Buongiorno, specchietti!

Vengo a voi per un’ultima volta in questo 2021 per parlarvi di… indovinate… eh, sì: dell’ultimo prodotto Marvel Studios (quest’anno abbiamo fatto il pienone).

Indossate i vostri maglioni più ridicoli, addobbate l’albero, mettete i cappellini e addentratevi con me nel prodotto Marvel più natalizio di sempre: Hawkeye.

“Hawkeye” di Marvel Studios è una nuova serie originale ambientata nella New York City del post-blip dove l’ex Avenger Clint Burton alias Occhio di Falco ha una missione apparentemente semplice: tornare dalla sua famiglia per Natale.

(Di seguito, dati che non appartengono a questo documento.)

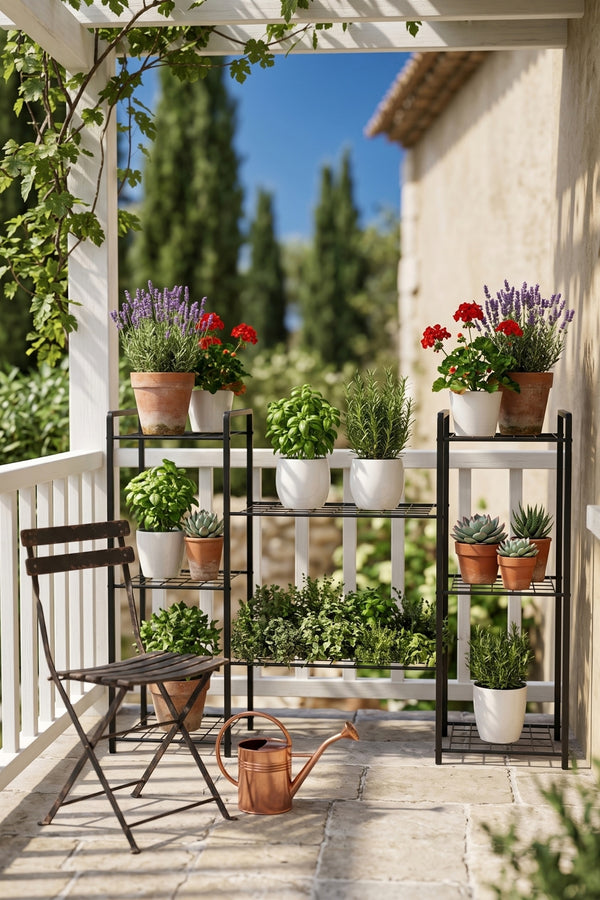 Evle 8 Raflı Metal Saksılık Çok Katlı Çiçek Standı Balkon Salon Bitki Rafı Siyah 30x125x83 cm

Ma quando si presenta una minaccia dal suo passato, Occhio di Falco, volente o nolente, fa squadra con Kate Bishop, abile arciera di 22 anni nonché sua grande fan, per sgominare una trama criminale.

Vi ricordate di Occhio di Falco? C’era anche lui nella battaglia di New York a combattere l’esercito di chitauri di Loki, è anche lui uno dei fondatori degli Avengers. In effetti, si potrebbe dire che l’unica battaglia in cui non ha combattuto è stata quella in cui gli Avengers hanno perso.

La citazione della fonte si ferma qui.